Society of Asian Lawyers hosts lively debate on right to cause religious offence. 

The law is not the place to curtail people’s freedom to cause religious offence, whatever the moral argument might be over whether this freedom should be used to its full extent. This was the main message that rang out in what was an otherwise hotly contested debate over the right to cause religious offence, hosted by the Society of Asian Lawyers.

The debate was well timed – debates about freedom of speech and the right to cause religious offence continue to evoke strong feelings. Just last week Peter Carey and five fellow authors said they would boycott a New York literary gala honouring the satirical magazine Charlie Hebdo, while Indian film Nanak Shah Fakir was cancelled after a mass Sikh protest.

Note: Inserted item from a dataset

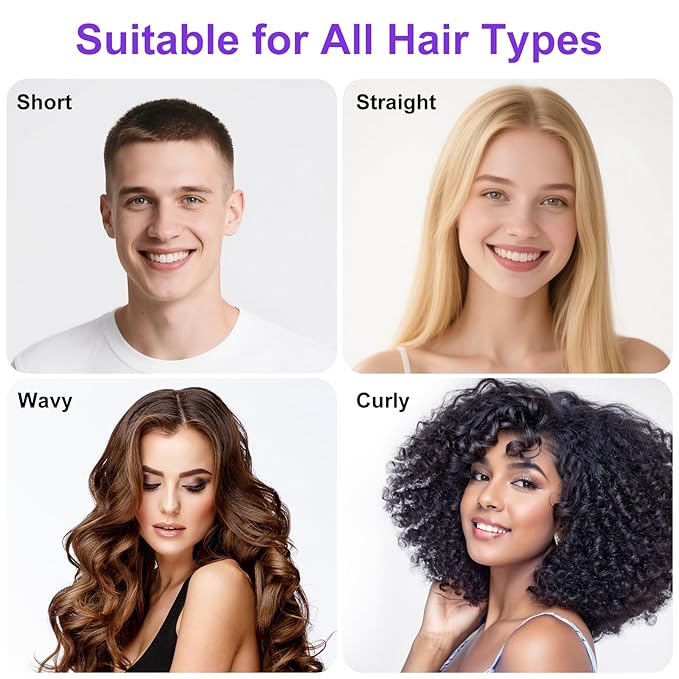 2-Pack Curly Hair Brush, Curl Defining Brush with Soft Boar Bristles Detangling Tangled Glides, Wide-Teeth Design Effortlessly Shaping & Defining Curls, Curling Definer for Wet & Dry Hair(Pink Purple)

Criminal barrister Jo Sidhu QC, who chaired the evening, began proceedings by asking whether it was right that the law gives racial identity greater protection than religious identity.

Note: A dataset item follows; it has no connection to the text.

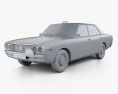 Datsun 220C タクシー 1971 3Dモデル clay render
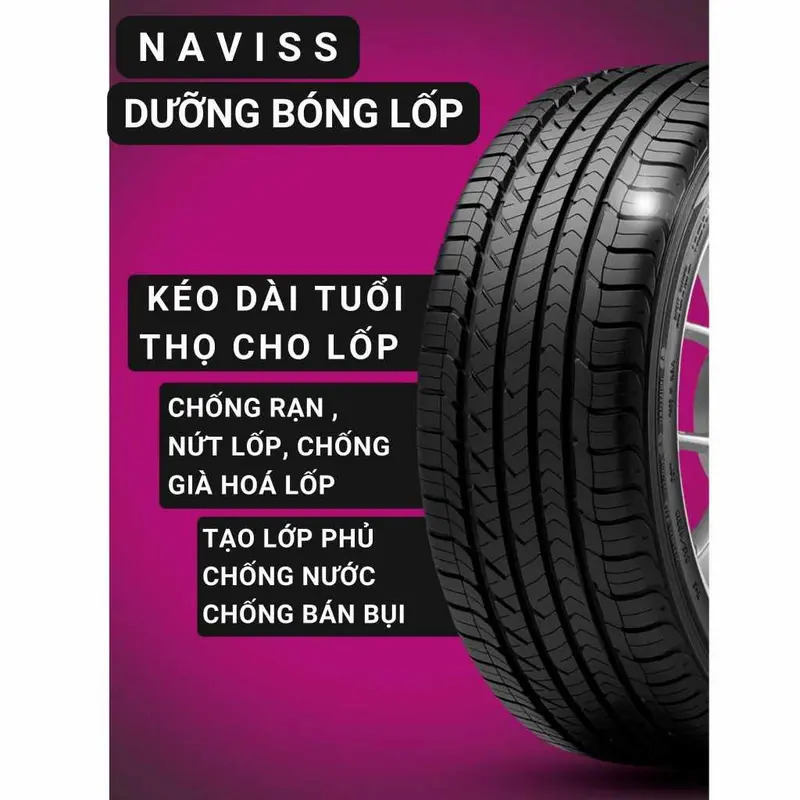 Bình xịt dưỡng bóng vỏ lốp ô tô, phục hồi nhựa đen, chống bám bụi, chống dính nước cọ  rửa 5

While some on the panel said that as religion, unlike race, was something you chose rather than were born with, it should not be afforded the same protections, Anshuman Mandel, a reader in English, argued that for many religious identity is as unchangeable and strongly defined as racial identity.

‘You can’t distinguish between voluntary and involuntary identity,’ he said.

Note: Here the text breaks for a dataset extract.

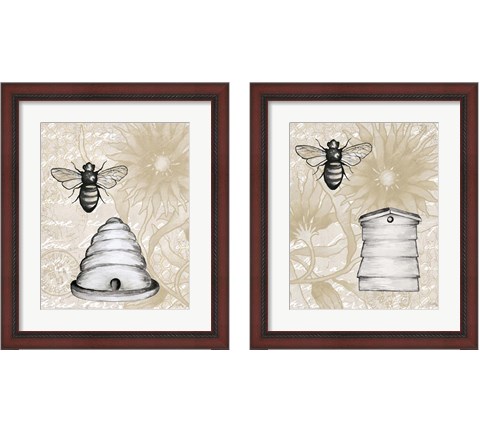 Bee Hives 2 Piece Framed Art Print Set by Elizabeth Medley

But on the subject of whether the law should protect religion against offence, the consensus was that the law should not intervene.

Matrix Chambers' David Wolfe QC based his argument on the claim that the UK is a secular state. ‘This means that the state doesn’t take sides between religious people and non religious people and doesn’t take sides between different groups of religions,’ Wolfe said.

If you were to make religious offence unlawful, the central problem is who the arbitrator would be, he said.

‘The whole thing becomes impossible. Who is going to judge? Either the state decides or the individual decides,’ he said, adding that neither could objectively arbitrate.

And Rashad Yaqood, lawyer and chairman of the Human Rights Legal Aid Fund, pointed that Islam has no specific blasphemy law that allows an Islamic state to stop someone arguing against Islamic principles. 

The issue over whether Charlie Hebdo should print cartoons that inspire outrage amongst many in the Muslim community was divisive, with many in the audience eager to share their differing views. But consensus was clear that the law should exist to protect the freedom of speech, not curtail it.